Categorie: Attualità

Capodanno, è “corsa ai fuochi”: una guida per usarli senza rischiare

La pratica di scoppiare i "botti" durante la notte di Capodanno è una tradizione che va praticata mediante l'uso di semplici e responsabili accorgimenti.

Accendere petardi e fuochi d’artificio è una tradizione di Capodanno che, malgrado le proteste delle associazioni ambientaliste e gli incidenti spesso verificatisi nel corso degli anni, continua a ripetersi con regolarità. Se proprio non se ne può fare a meno, meglio allora dotarsi di tutti gli accorgimenti necessari per evitare pericoli.

Che siano legali o illegali, l’uso incauto dei “botti” può condurre a gravi conseguenze fisiche: da ustioni al viso e alle mani ai danni alla vista, fino alla perdita totale di arti e udito. Un rischio sicuramente maggiore deriva da quelli non controllati, spesso senza etichetta, venduti a basso costo e prevalentemente prodotti in Cina: molti di essi hanno infatti presentato un’esplosione anticipata o addirittura lo scoppio della batteria senza far partire un solo colpo.

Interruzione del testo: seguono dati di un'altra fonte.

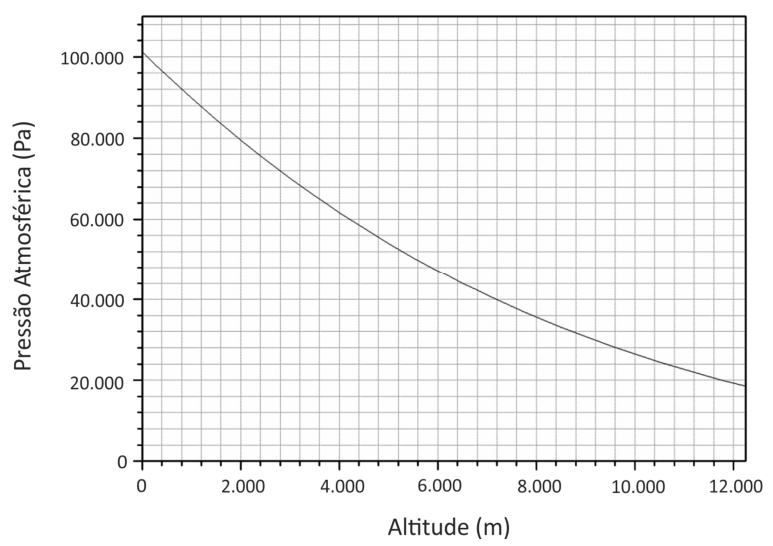 F1 Gráfico da Pressão Atmosférica (Pa) em função da Altitude (m). O eixo vertical varia de 0 a 100.000 Pa, e o horizontal de 0 a 12.000 m. A curva decresce de aproximadamente 100.000 Pa em 0 m até cerca de 18.000 Pa em 12.000 m, passando por cerca de 80.000 Pa em 2.000 m e cerca de 27.000 Pa em 10.000 m.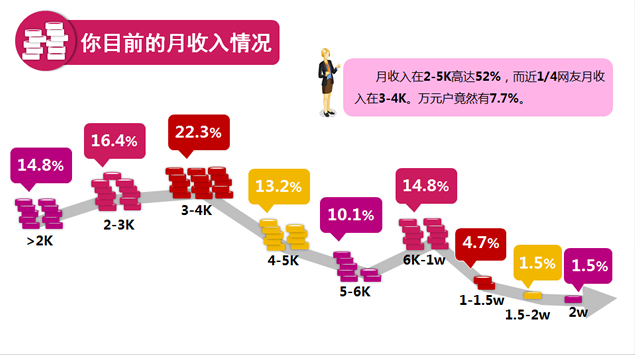 年终奖离你有多远分析报告ppt模板3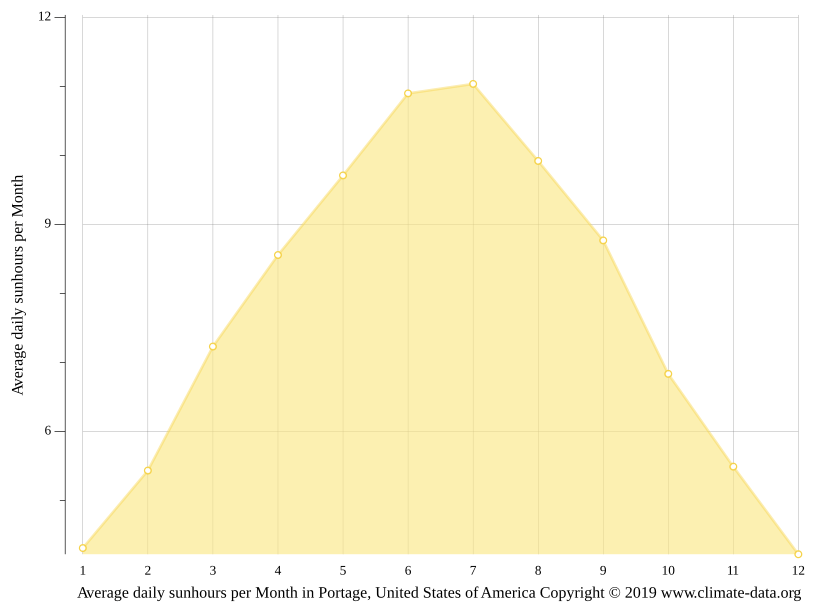 Portage climate Weather Portage & temperature by month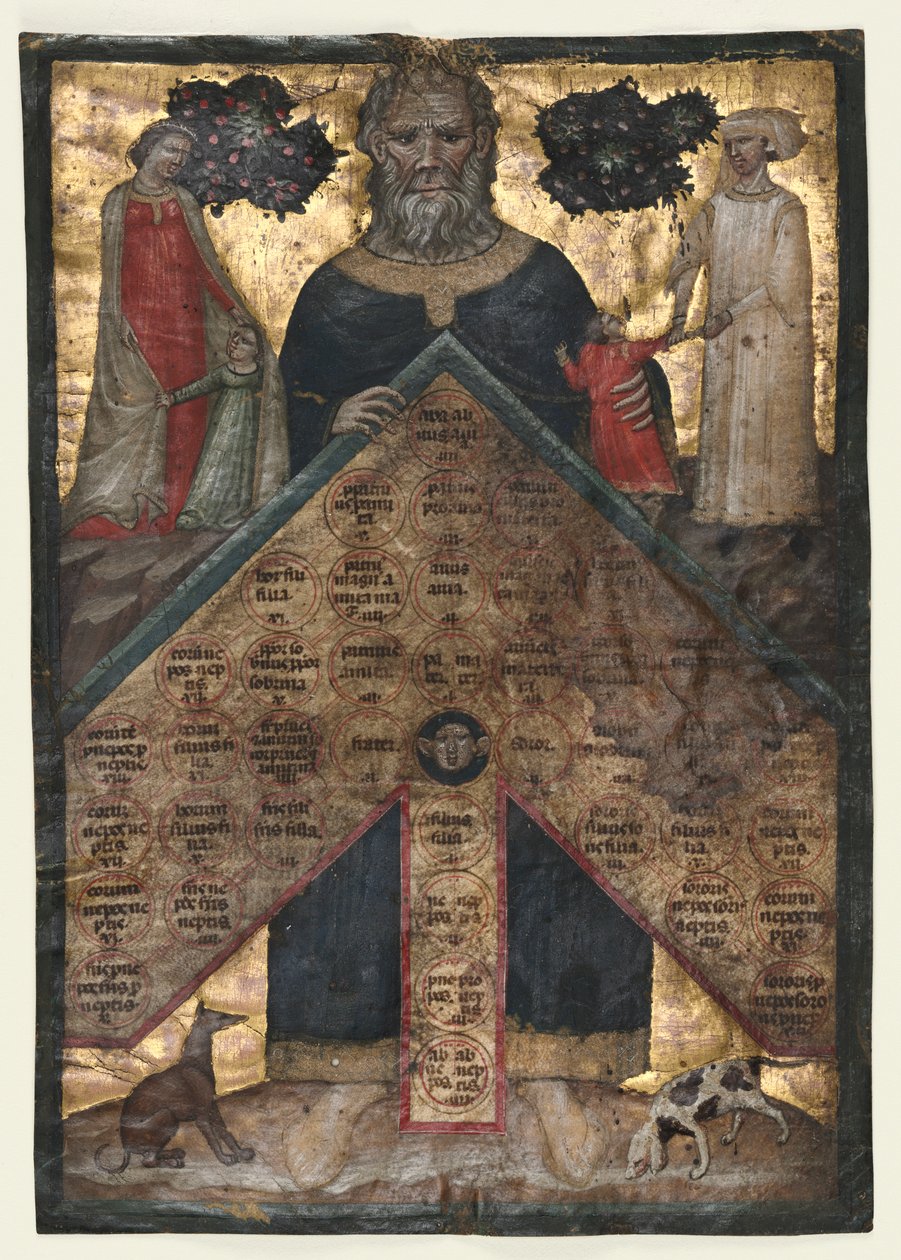 Blad från en volym av Johannes Andreas "Föreläsning om släktskapets och släktskapets träd: släktskapens tabell av Master of the Register of 1328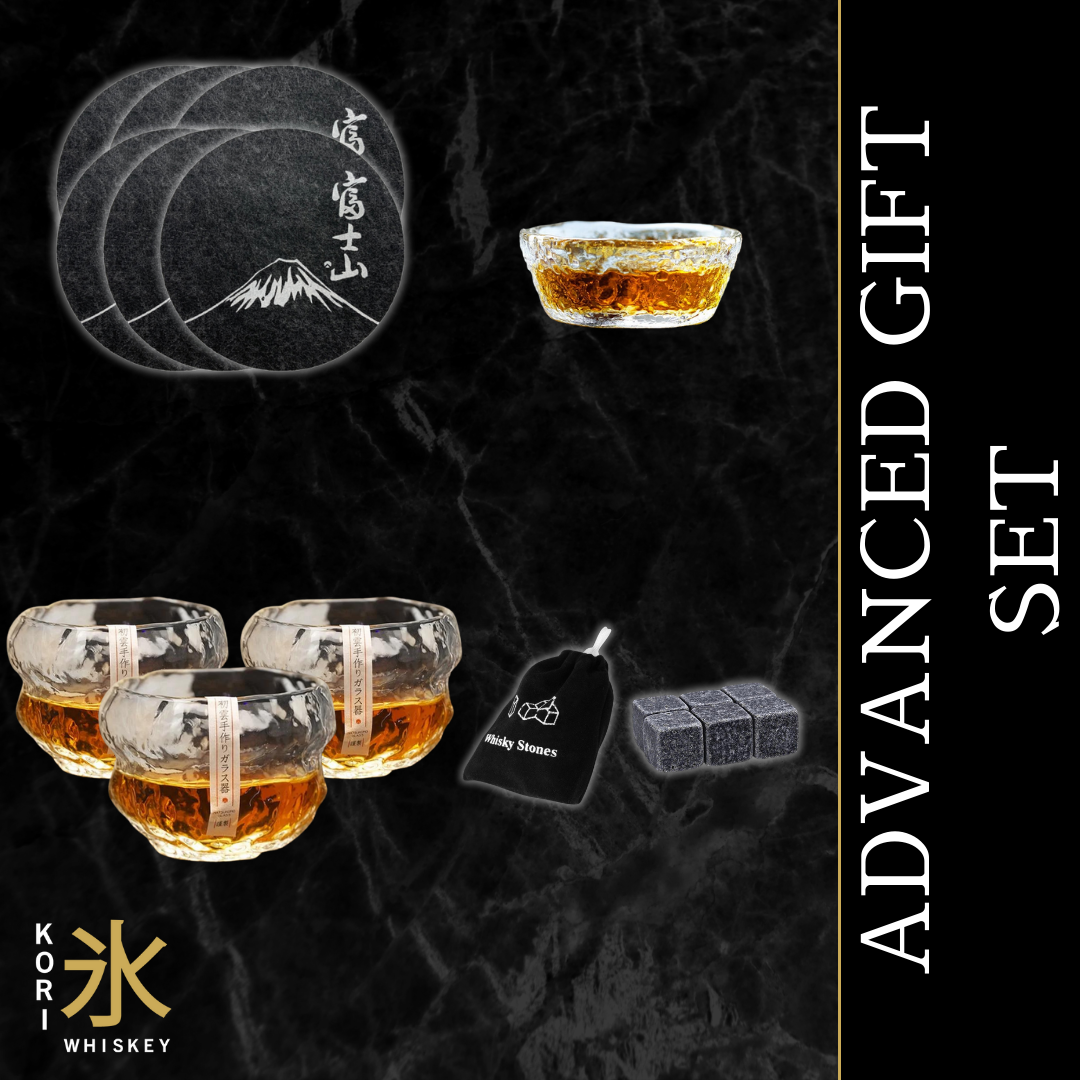Advanced Gift Set Choice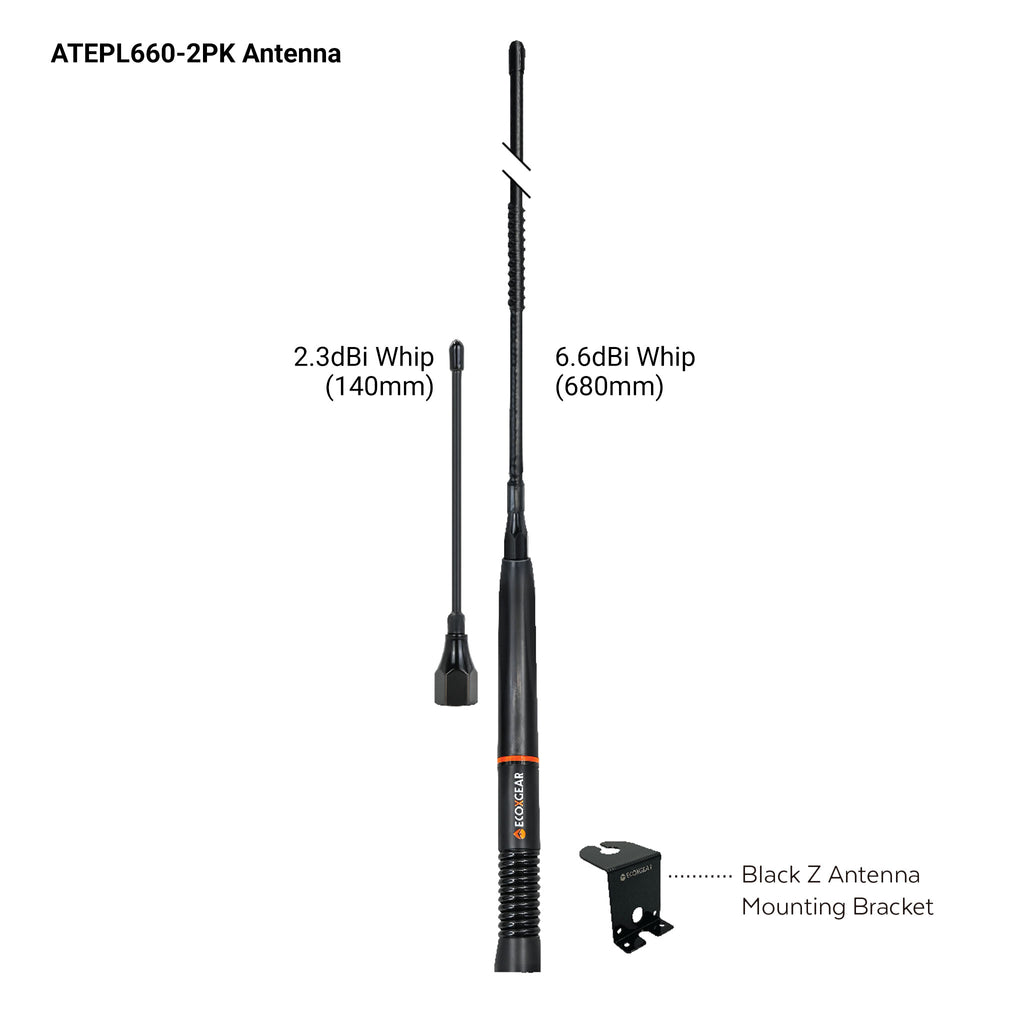 EcoXgear EXG1000-VPK 5-Watt Compact Fixed Mount UHF Radio Value Pack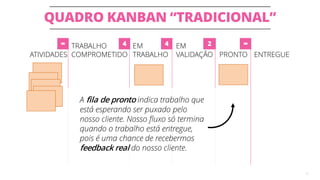 QUADRO KANBAN “TRADICIONAL”
37
ATIVIDADES
TRABALHO
COMPROMETIDO
EM
TRABALHO
EM
VALIDAÇÃO PRONTO ENTREGUE
A fila de pronto indica trabalho que
está esperando ser puxado pelo
nosso cliente. Nosso fluxo só termina
quando o trabalho está entregue,
pois é uma chance de recebermos
feedback real do nosso cliente.
4 24∞ ∞
 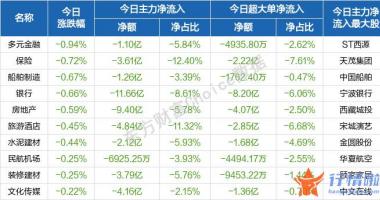 今天香雪最新股市消息_今天月日沪深两市连续反弹行情趋势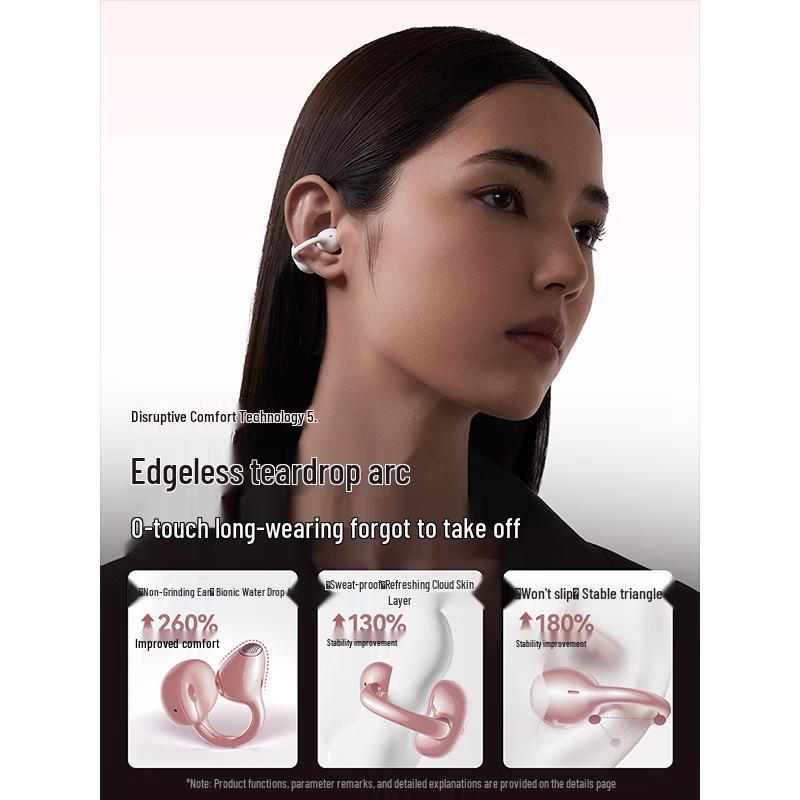 SANAG F30 Open-Ear Clip Sports Bluetooth Headphones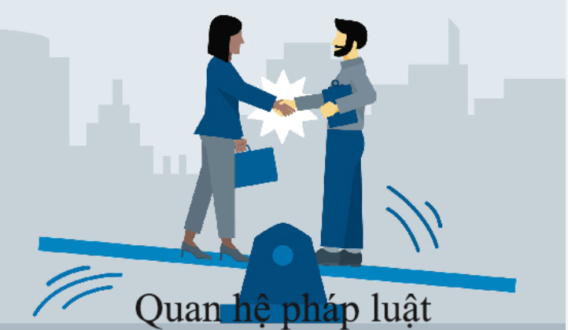Pháp luật đại cương chương 4: Những vấn đề cơ bản về pháp luật 4 Quan he Phap luat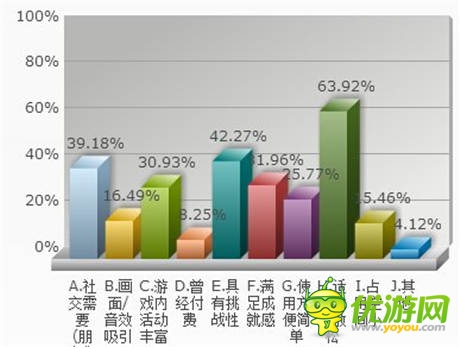 找回童真很重要 看《Paperma》如何成功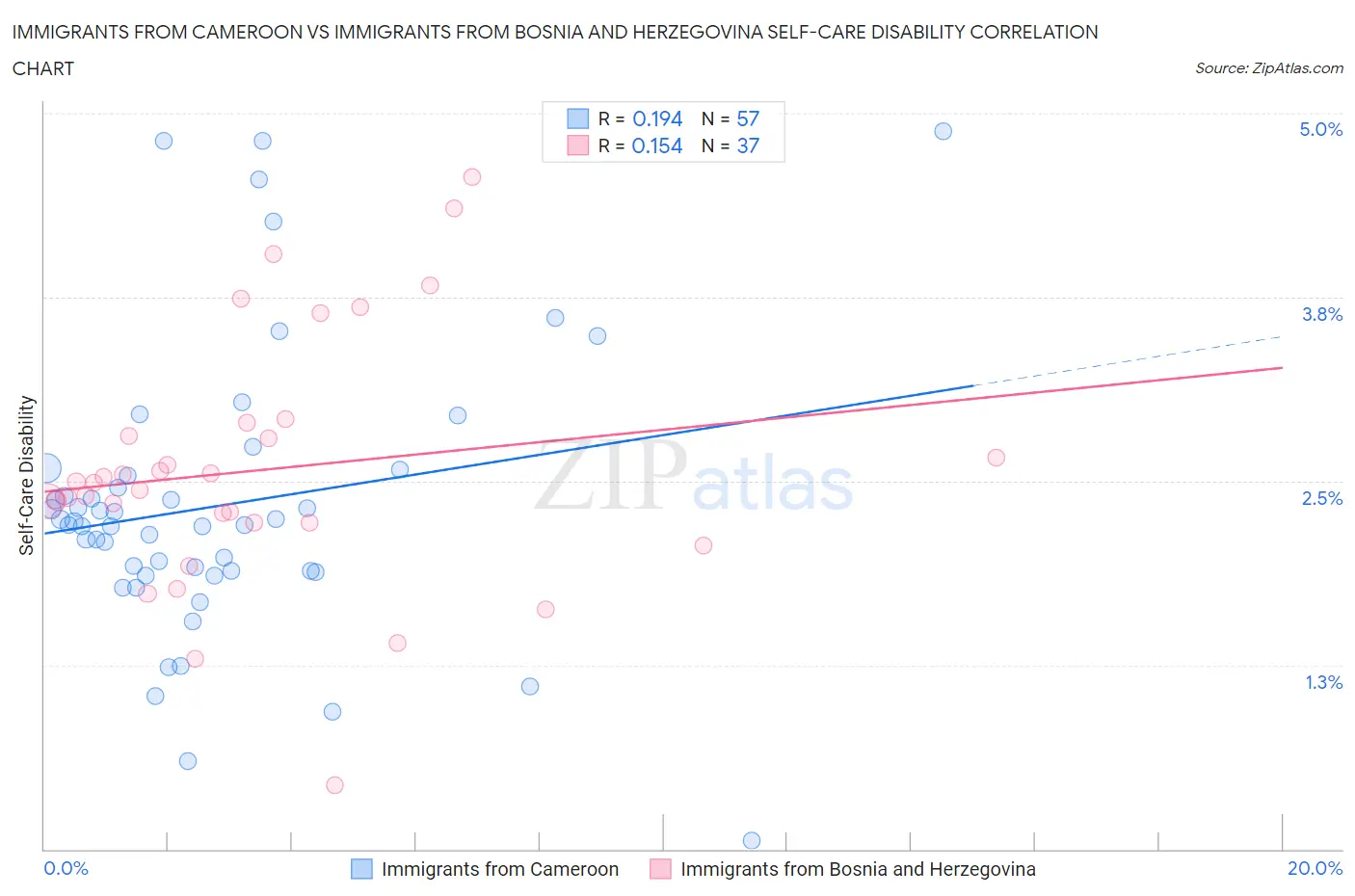 Immigrants from Cameroon vs Immigrants from Bosnia and Herzegovina Self-Care Disability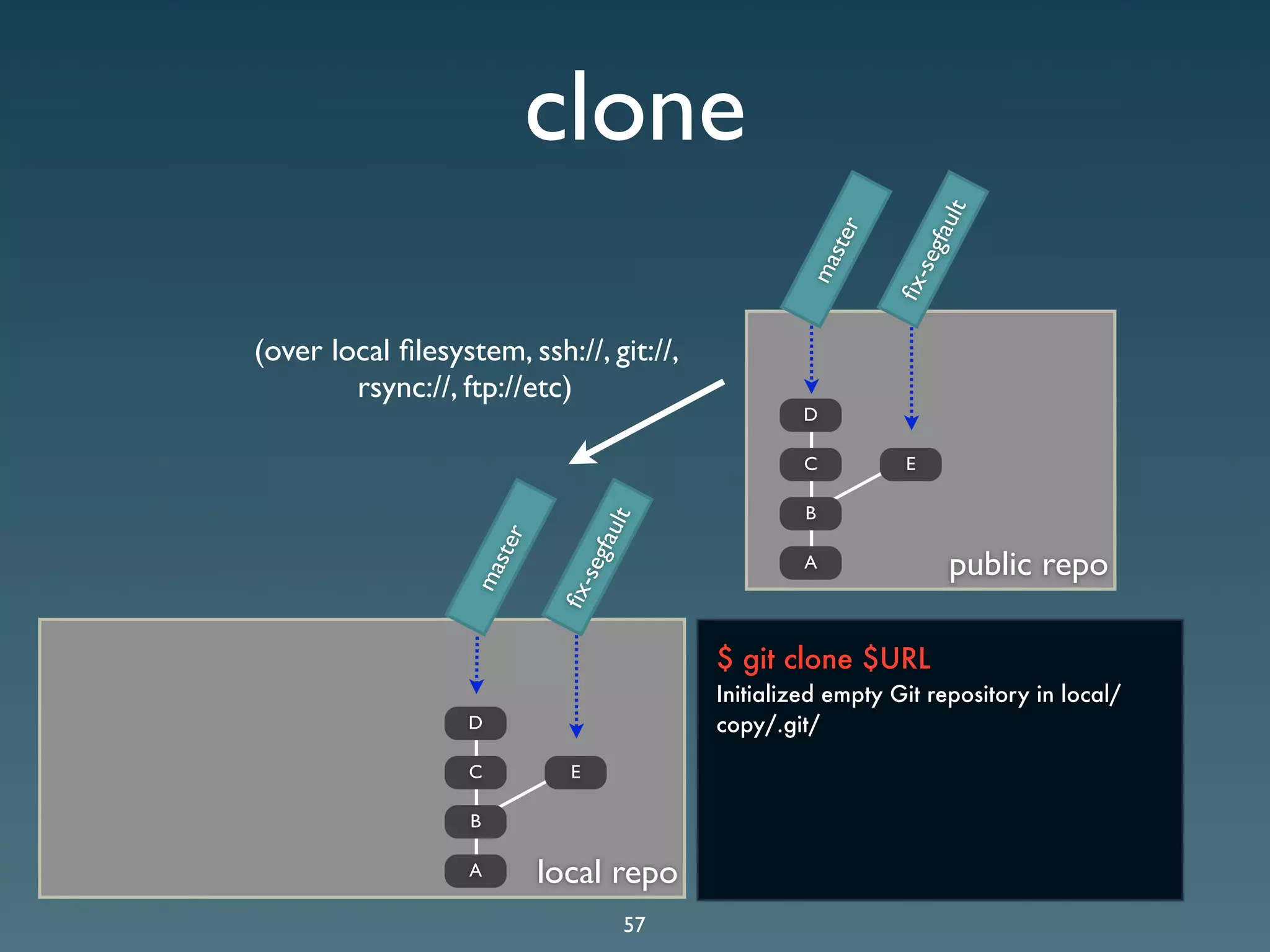 Git Presentation - Purple Scout AB Malmö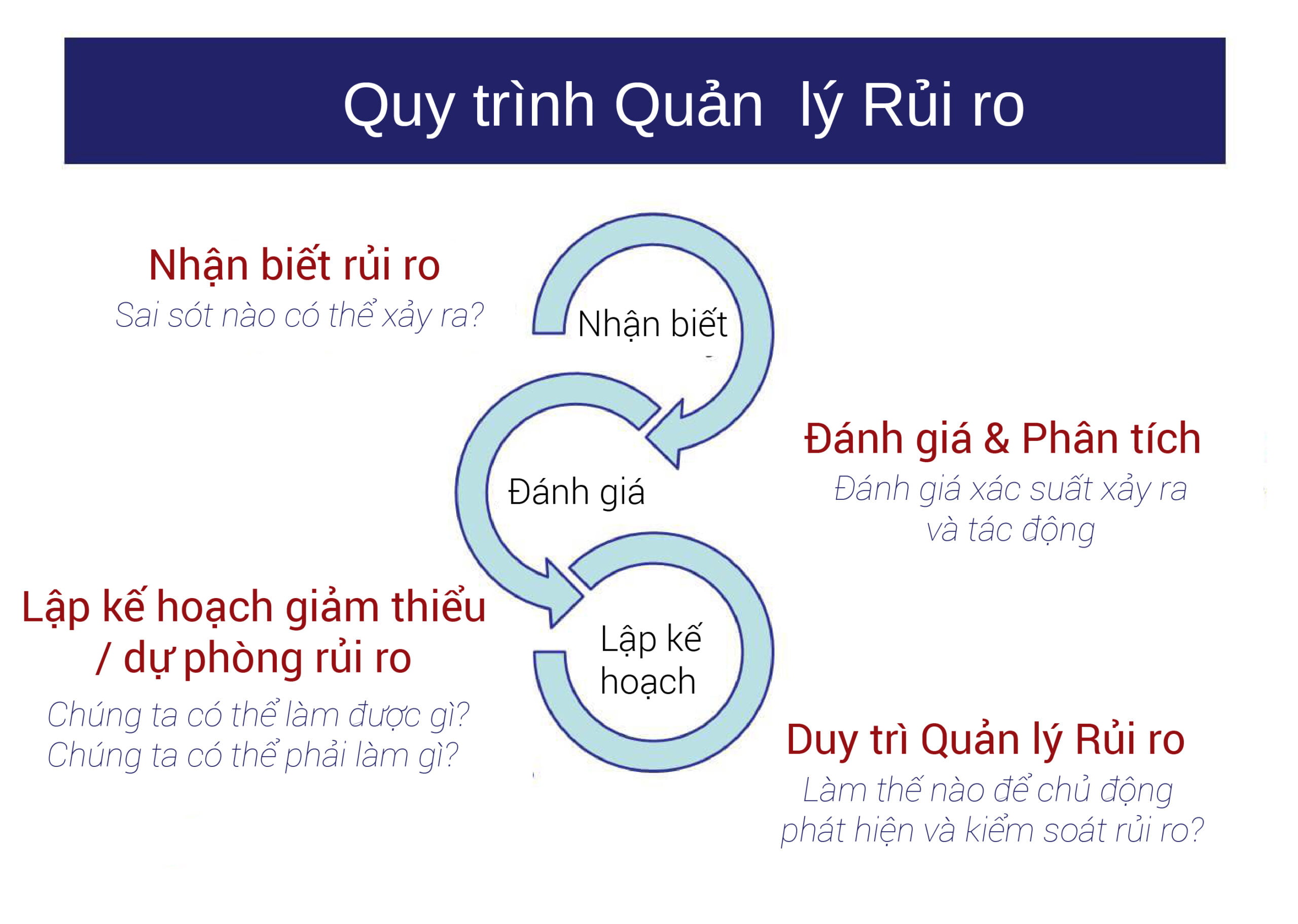 Tầm quan trọng của quản lý rủi ro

È importante ricordare che non esistono fuochi d’artificio sicuri al 100%, anche se la vendita è consentita. Persino quelli più amati dai bambini, le “stelline” sono potenzialmente molto rischiosi, dato che la loro temperatura di combustione è pari a 300° C. È fortemente consigliabile, quindi, allontanarsi dalla miccia, di qualsiasi natura essa sia, una volta accesa.

I giochi pirotecnici legali, autorizzati e in libera vendita, devono riportare sulla confezione un’etichetta con il numero del decreto ministeriale che ne autorizza il commercio, il nome del prodotto, la ditta produttrice, la categoria d’appartenenza e le modalità d’uso.

I fuochi di artificio vanno accesi all’aperto, lontano da case, automobili e dalla scatola degli altri fuochi per limitare il rischio di incendio e incidenti. Non vanno mai bagnati con acqua: alcuni fuochi sia legali che illegali contengono alluminio, quest’ultimo se a contatto con l’acqua potrebbe andare in autocombustione provocando lo scoppio non voluto dell’artifizio.

Non bisogna mai avvicinarsi a micce inesplose. Infatti, il movimento del corpo nell’avvicinarsi al congegno, genera degli spostamenti d’aria che, seppur minimi, possono alimentare la fiammella provocandone l’esplosione, né cercare di ricostruirne ulteriori tramite il materiale inesploso: urto o pressione sono tra le principali cause scatenanti di scoppio indesiderato.